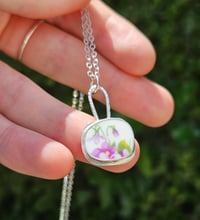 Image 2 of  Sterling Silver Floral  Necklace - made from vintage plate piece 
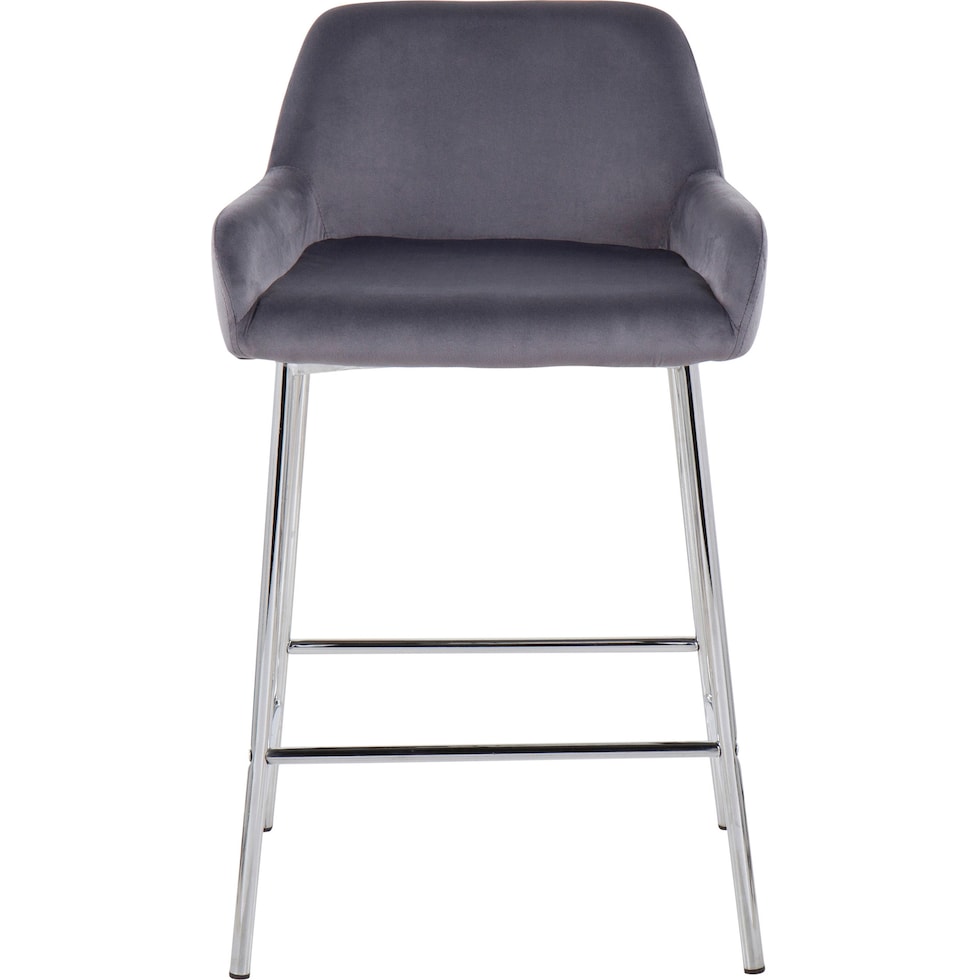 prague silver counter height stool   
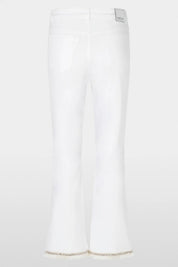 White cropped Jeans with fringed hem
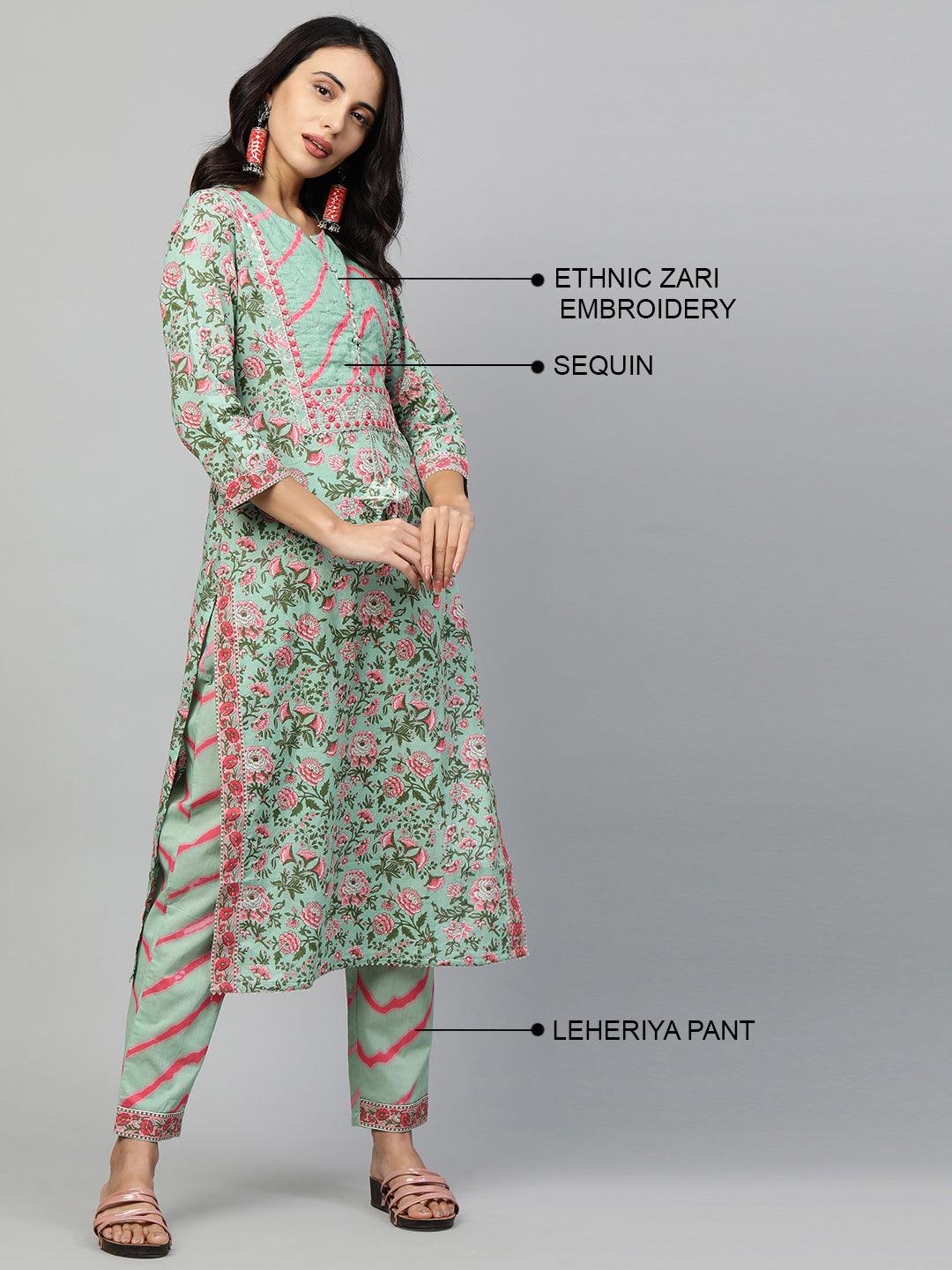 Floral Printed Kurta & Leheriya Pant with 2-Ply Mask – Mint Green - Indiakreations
_ _ _ _ _
If the listing above includes images, copy every line of it exactly except those images.

 Image 2 of  Sterling Silver Floral  Necklace - made from vintage plate piece 
 prague silver counter height stool   
 White cropped Jeans with fringed hem
 Floral Printed Kurta & Leheriya Pant with 2-Ply Mask – Mint Green - Indiakreations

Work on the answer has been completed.